Frustrated by the lack of formal scholarship and archived materials, Dunye conscripted the queer, New York-based artist and photographer Zoe Leonard to help create a “false” archive for the film. Leonard began her career as an active voice in AIDS advocacy and queer politics in New York in the 1980s and 1990s, becoming known for her 1992 treatise, I want a president, and 1995 installation piece Strange Fruit. Dunye and Leonard worked together to conceive of an archive for Richards, one that would double as a visual representation of this knowledge gap. Leonard then produced photographs and newsreels shot in black and white, with dated cameras and techniques. As Matt Richardson notes in his book Out Stories Have Never Been Told: Preliminary Thoughts on Black Lesbian Cultural Production as Historiography in The Watermelon Woman: “the viewer does not know whether these snapshots of black life from the 1930s and 1940s are of real people, thereby challenging the division between fact and fiction, past and present.” Since the film’s release, the archive has become recognized as a work of importance in itself, The Fae Richards Photo Archive, 1993-96.
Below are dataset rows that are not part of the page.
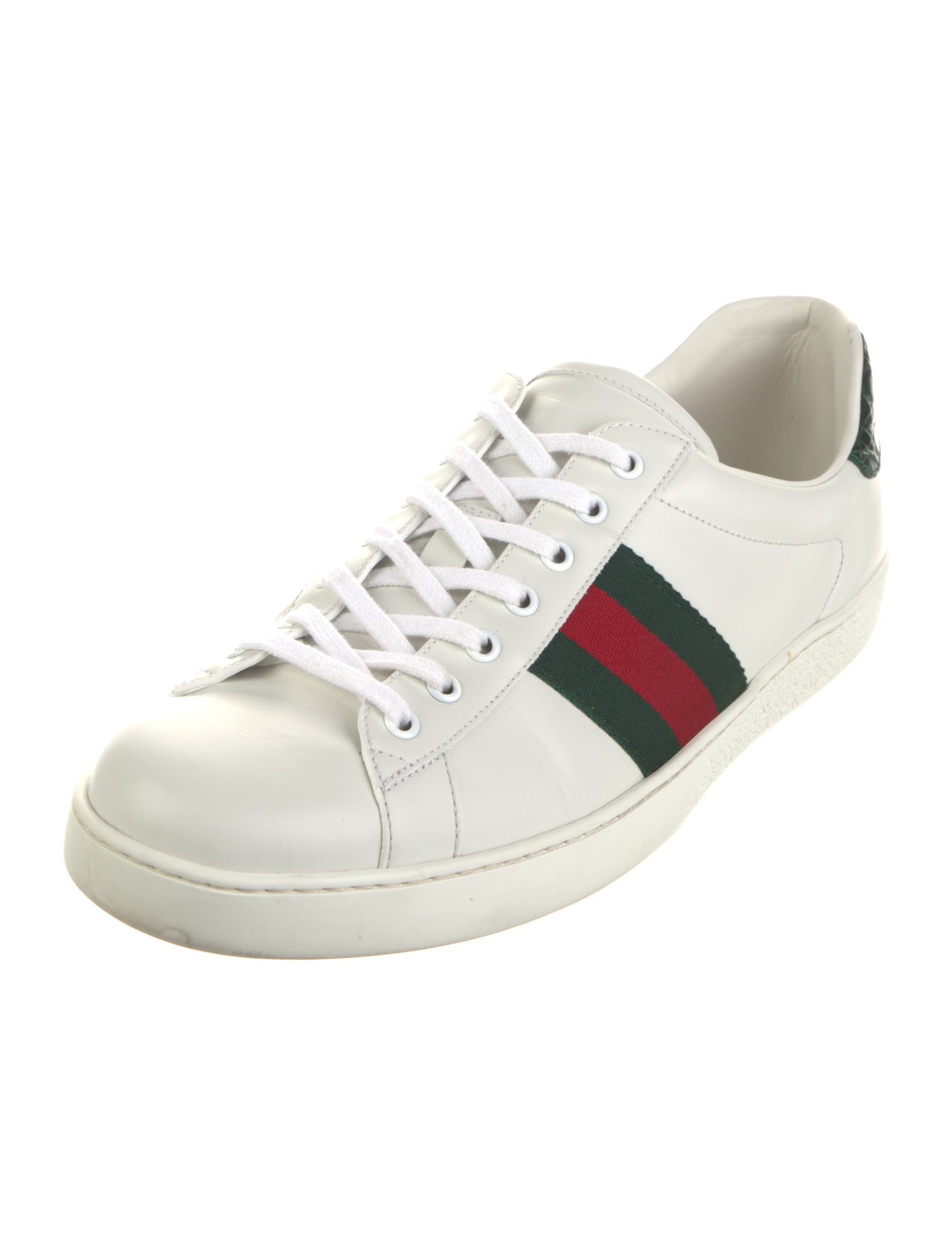 Gucci Web Accent Leather Sneakers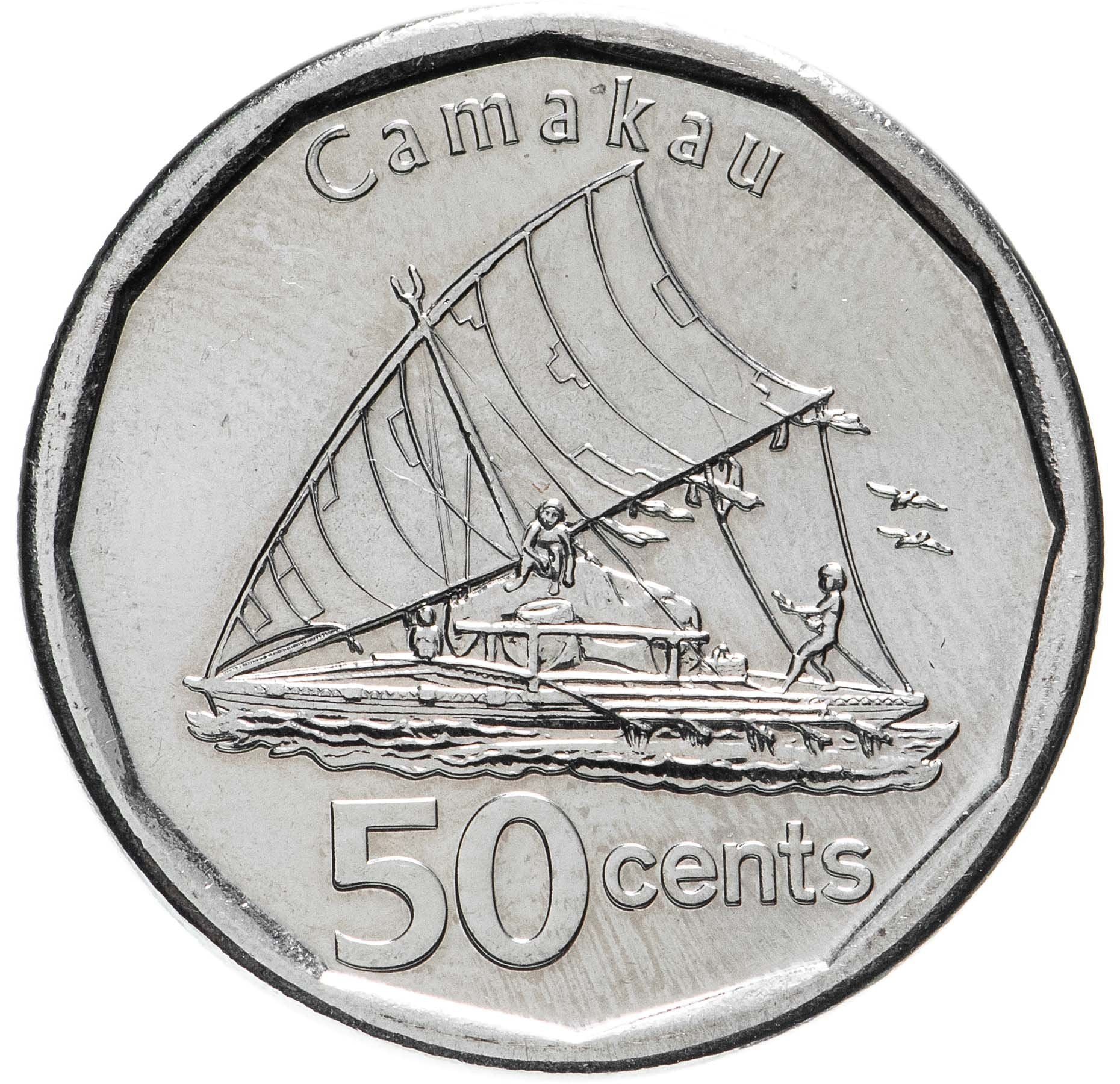 Fiji | 50 Cents Coin | Canoe | Km:335 | 2012 - 2017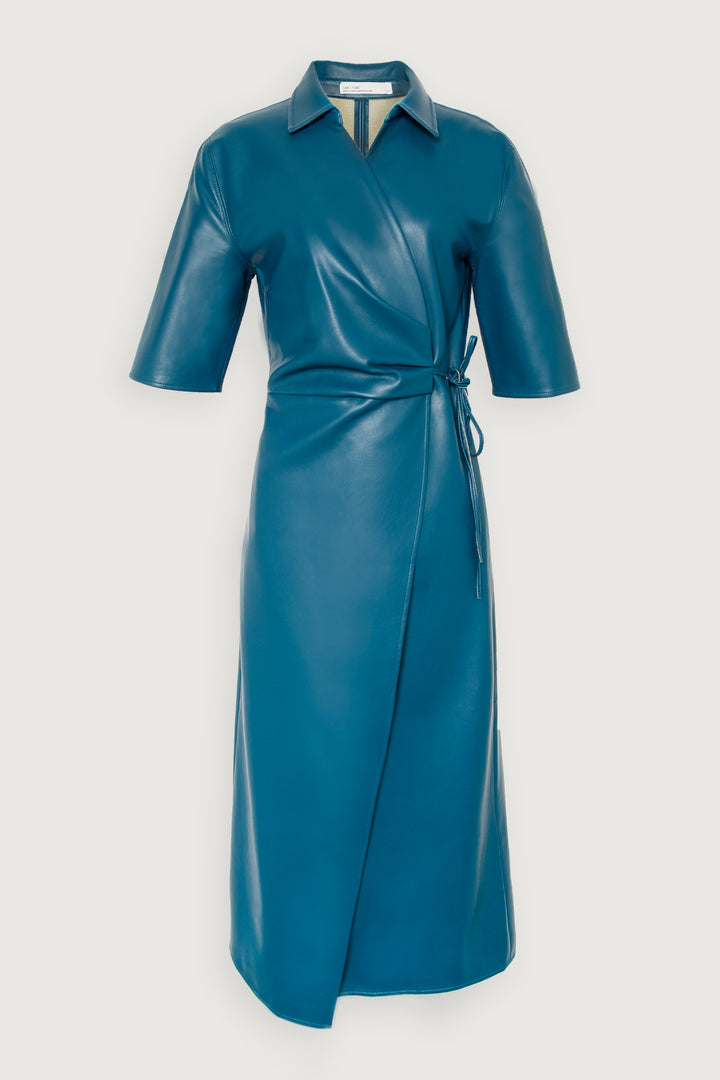 VEGAN LEATHER WRAP DRESS in Legion Blue — alternate angle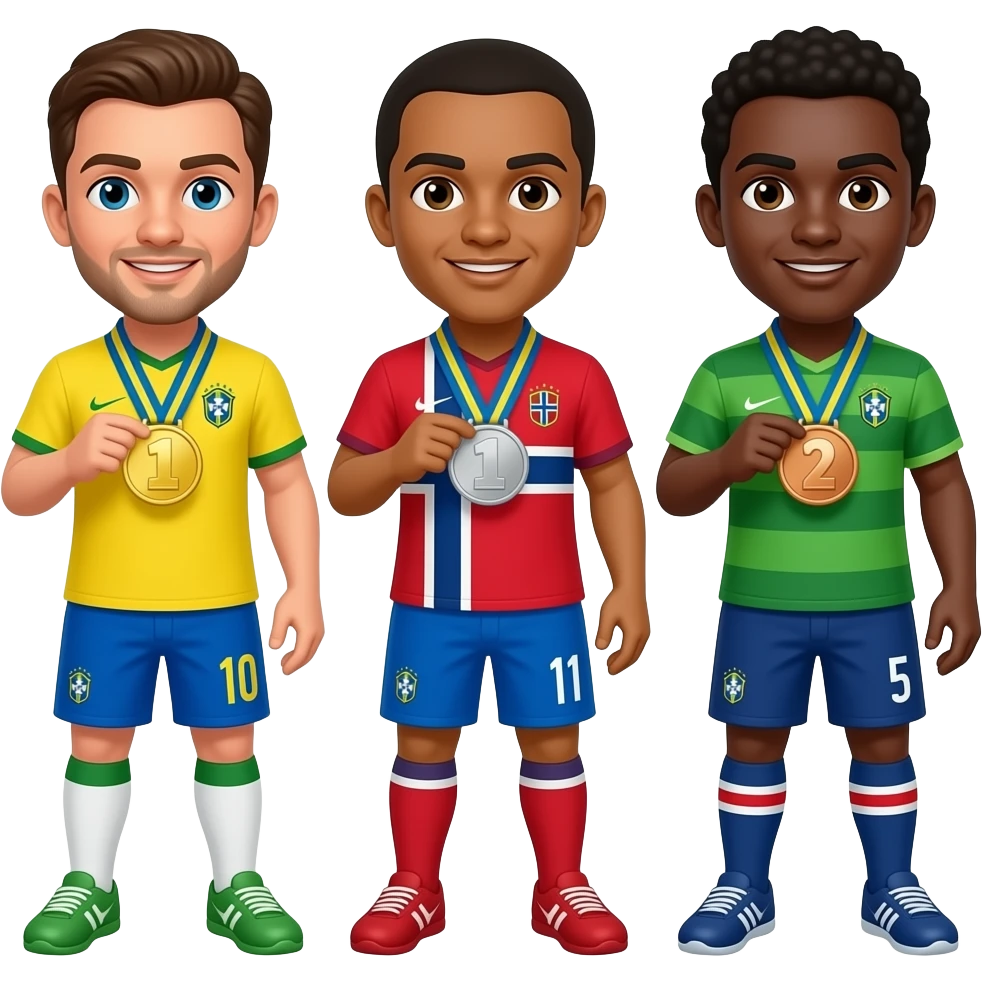 🥇🇧🇷⚽.   🥈🇳🇴⚽.    🥉🇨🇻⚽ emoji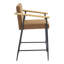 Tabouret de comptoir de 2 po au design Mid-Century, noir et brun, structure en métal, siège d'évier souple, bois naturel, largeur 2 et profondeur moderne 2, finition brun rougeâtre, structure, coussins confortables, massif 300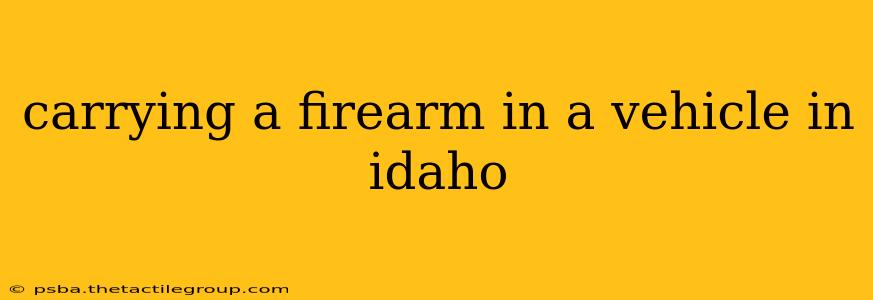 carrying a firearm in a vehicle in idaho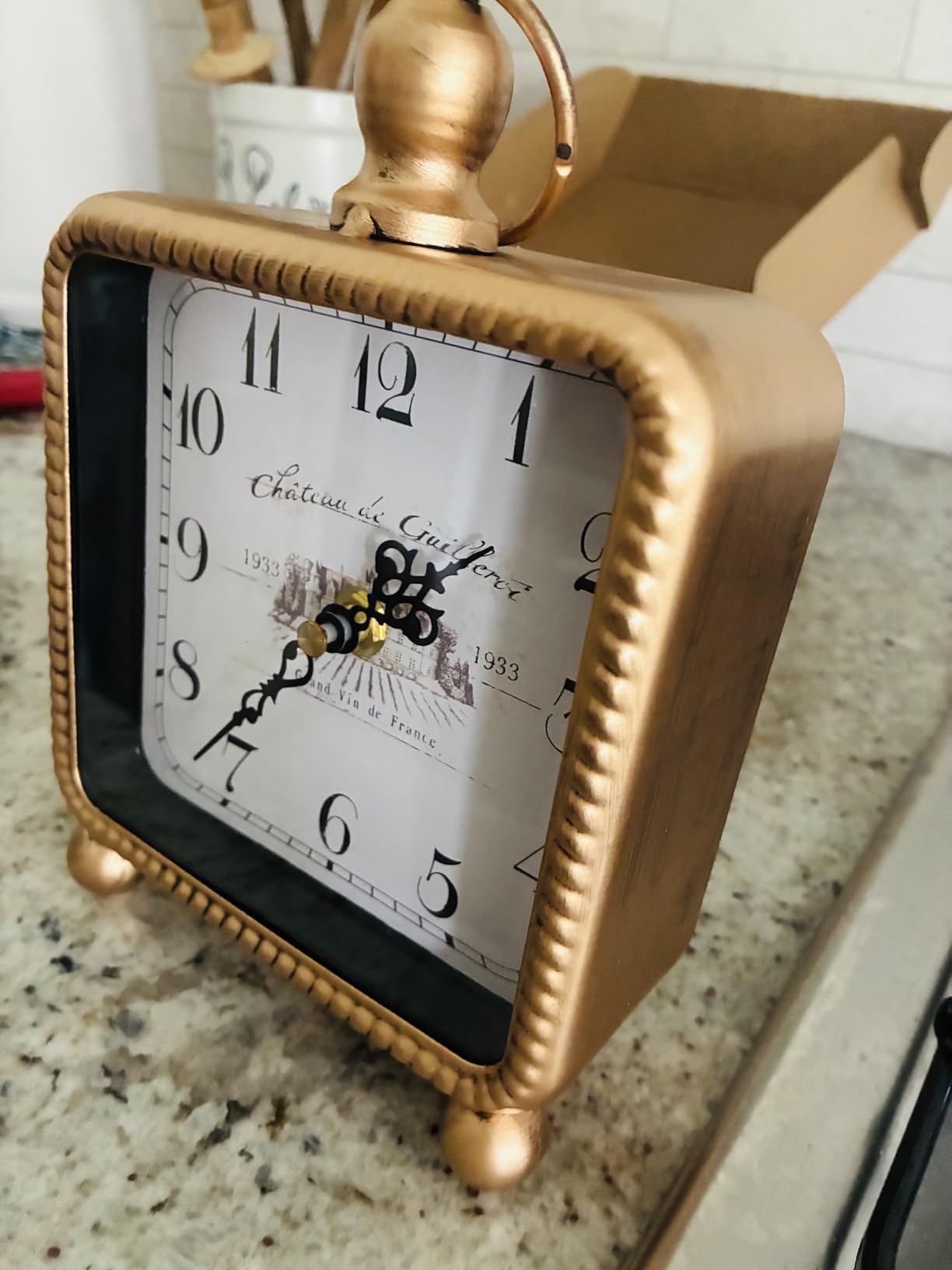 Vintage White Table Clock on Stand, Desk and Shelf Decor Clock, French Rustic Style Mantel Clocks for Farmhouse, Living Room, Bedroom, Bedside, Gift (8.5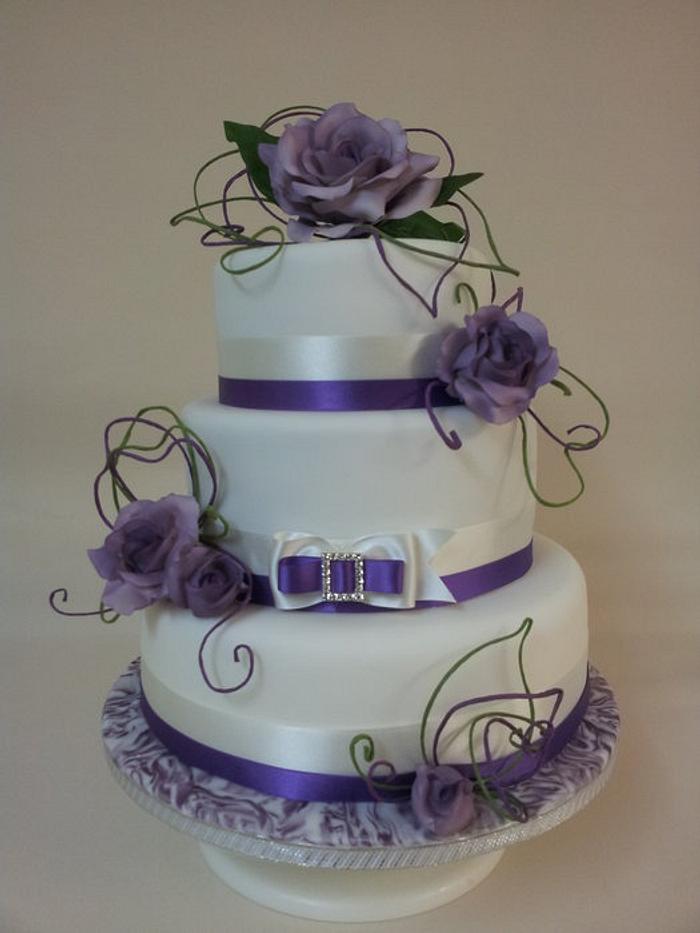 purple rose cake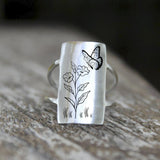 S925 Sterling Silver Flower Ring Butterfly Bee Dragonfly Ring Jewelry Gift For Nature Lovers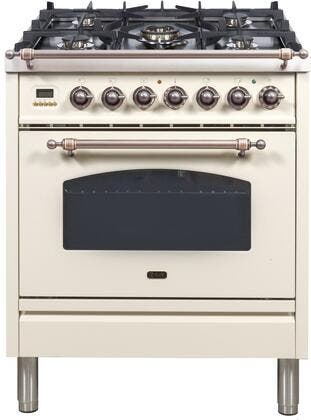 Ilve UPN76DMPAY Natural Gas In Antique White W/ Bronze Trim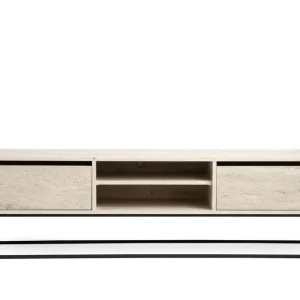 Premium Tv-bänk Escape 180 cm Svart/Marmor - Möbler
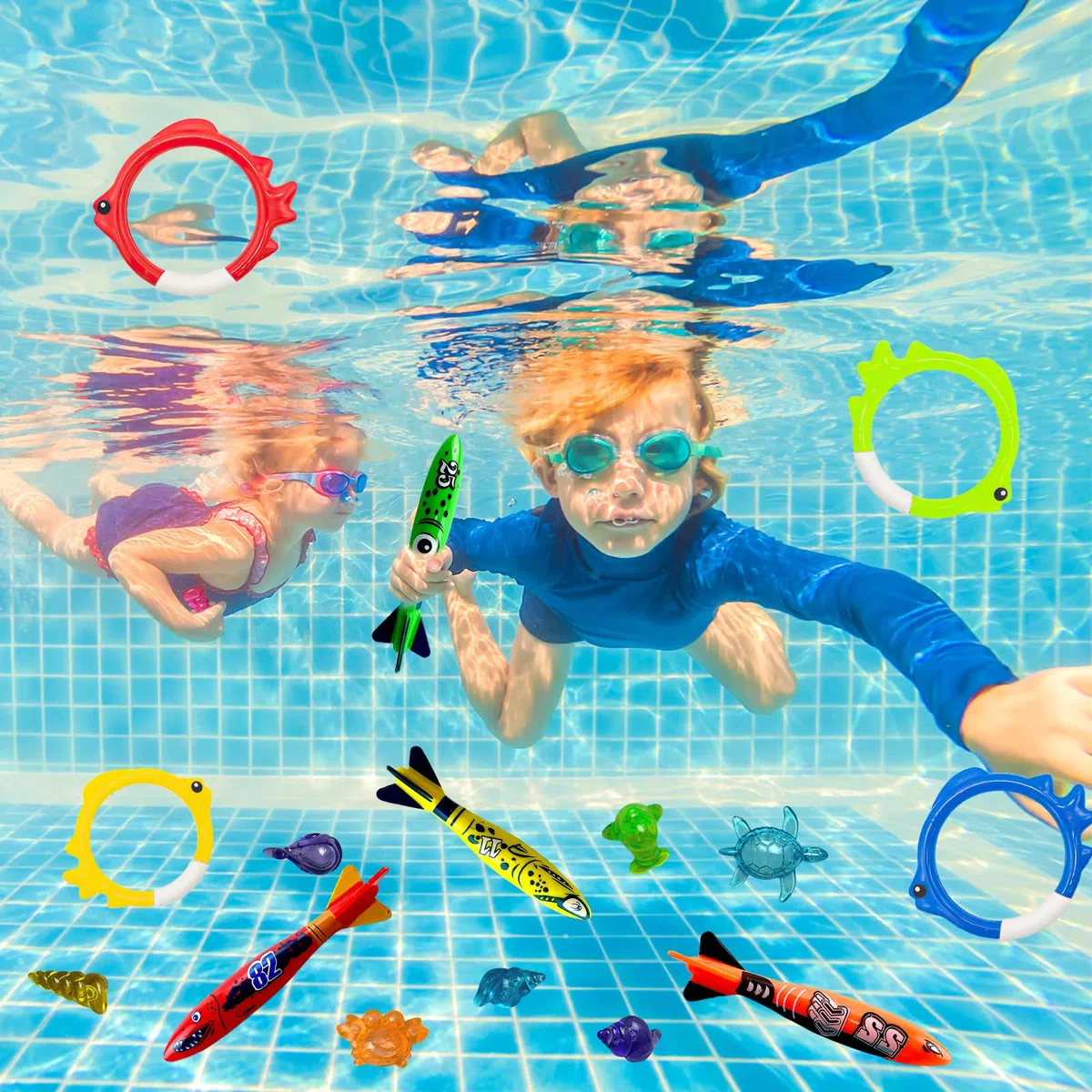 17 Pezzi Set di Giocattoli Subacquei con Siluro, Anelli da Immersione e Gemme - Divertimento in Piscina per Ragazzi e Ragazze da 5 a 12 Anni (A)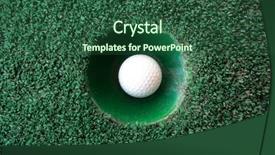  Presentation with mini golf - Amazing PPT theme having mini golf scene with ball backdrop and a ocean colored foreground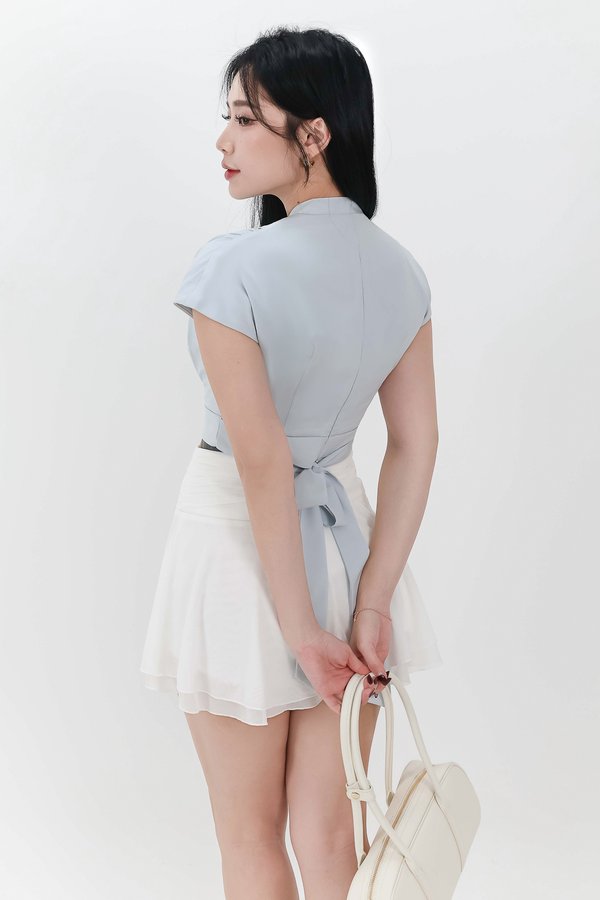 DEFECT | Pia Pleated Sleeved Top in Ice Blue in S
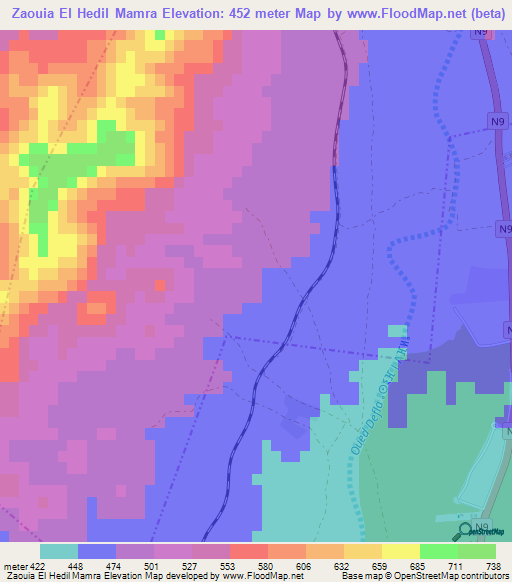 Zaouia El Hedil Mamra,Morocco Elevation Map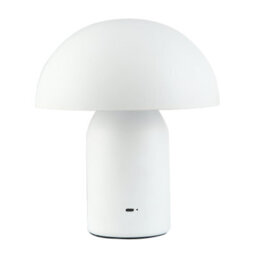 Happy Homewares Modern Rechargeable Mushroom Table Lamp In Mat White With Touch Dimmer Button - thumbnail 2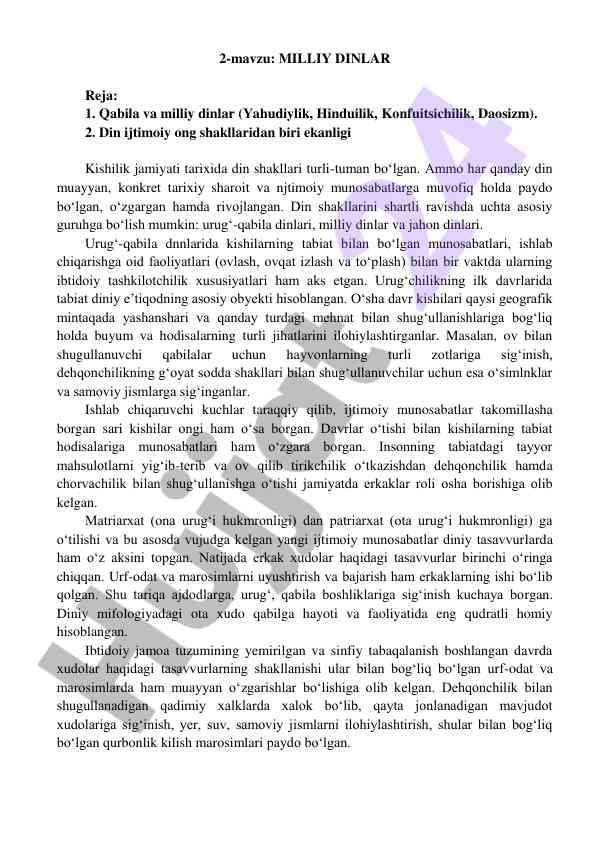 Milliy dinlar tahlili va ularning ijtimoiy ahammiyati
In her same essay, Venus in Two Acts, Hartman coined the concept of critical fabulation, a style of creative semi-nonfiction that brings the suppressed voices of the past to the surface by means of hard research and scattered facts, but which includes aspects of fiction due to the scarcity of archived information. How do we confront the lack of such individuals’ stories? Hartman references scholar Michel de Certeau’s proposition for two methods to include such stories in archives: “one is attending to and recruiting the past for the sake of the living, establishing who we are in relation to who we have been; and the second entails interrogating the production of our knowledge about the past.” If the past proves incomplete due to lack of documentation, we must interrogate the means of documentation, and imagine alternative narratives. The Watermelon Woman suggests that there is space within art and archiving practice to imagine the kinds of stories that Hartman claims are perhaps the only available form of compensation. Fiction can inform our narratives just as much as proven fact. It also has the ability to make coherent what has been lost or misunderstood, to reframe the gaps in written history, to play with and reimagine that history, and to attempt to, in some ways, replace it.